Question

A block of mass M slides along a horizontal table with speed $v_0.$ At x=0 it hit's a spring with spring constant k and begins to experience a friction force. The coefficient of friction is variable and is given by $\mu =bx$ where b is a positive constant. Find the loss in mechanical energy when the block has first come momentarily to rest.

• A. $\frac{bg{V}_0^2{M}^2}{(k+Mg)}$
• B. $\frac{bg{V}_0^2{M}^2}{(k+bMg)}$
• C. $\frac{bg{V}_0^2{M}^2}{2(k+bMg)}$
• D. $\frac{V_0^2{M}^2}{2(k+bMg)}$

Answer 1

Answer: (C)

$\frac{bg{V}_0^2{M}^2}{2(k+bMg)}$

The retarding forces acting on the block at some coordinate $x$ are $kx$ and $\mu Mgx$

When the block comes at rest at some distance $x_0$ from $x=0$, all the kinetic energy goes into the heat produced by friction until that point and potential energy of spring attained.
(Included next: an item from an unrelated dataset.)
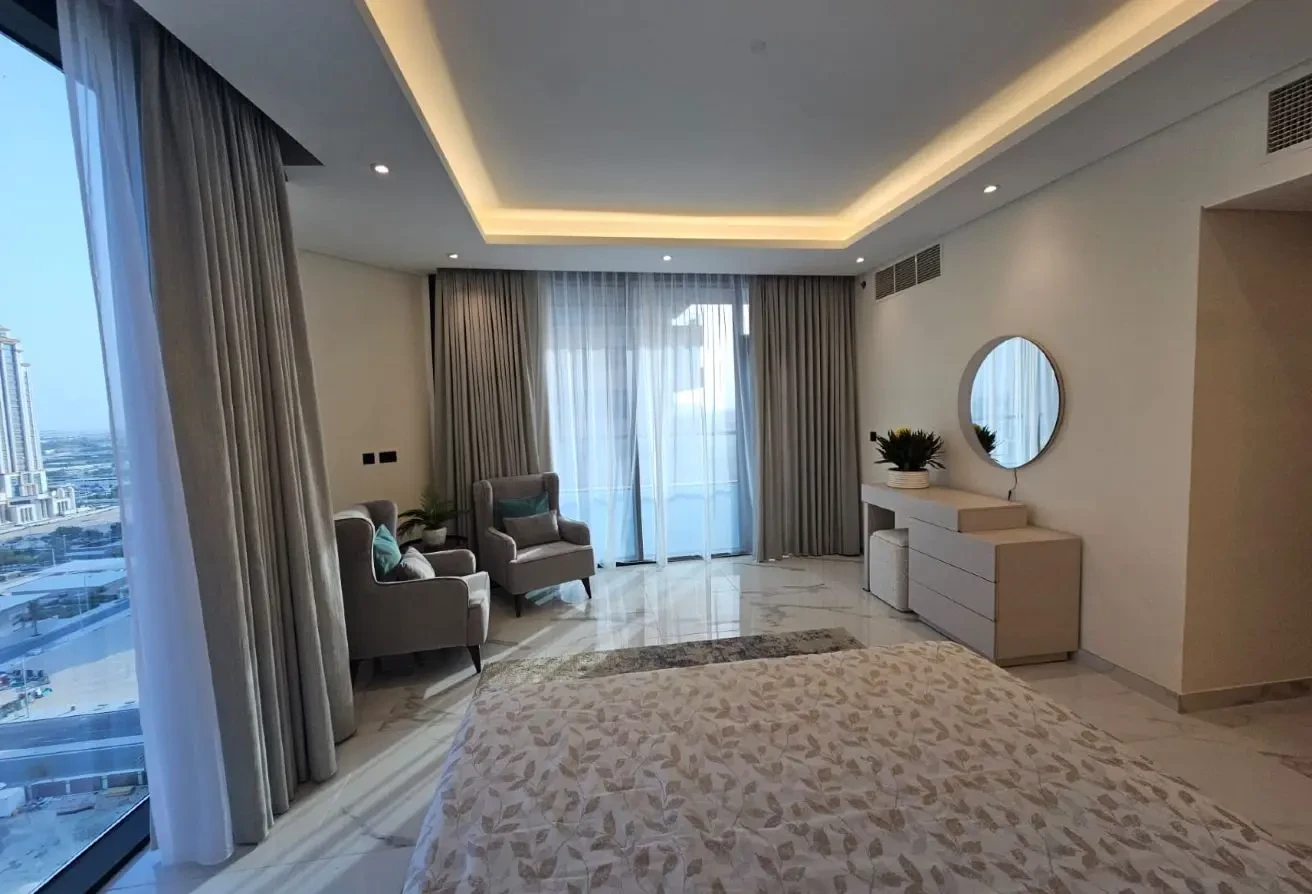 BRAND NEW | 2 BEDROOM | MARINA VIEW - Apartment in Marina Tower 02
$⟹\frac{1}{2}M{v}_0^2=\frac{1}{2}k{x}_0^2+{\int }_0^{x_0}bMgxdx$

$=\frac{1}{2}k{x}_0^2+\frac{1}{2}bMg{x}_0^2$

$⟹x_0=\sqrt{\frac{M{v}_0^2}{k+2bMg}}$
Loss in mechanical energy is due to friction only,

Thus loss in mechanical energy=$\frac{1}{2}bMg{x}_0^2$

$=\frac{bg{v}_0^2{M}^2}{2(k+bMg)}$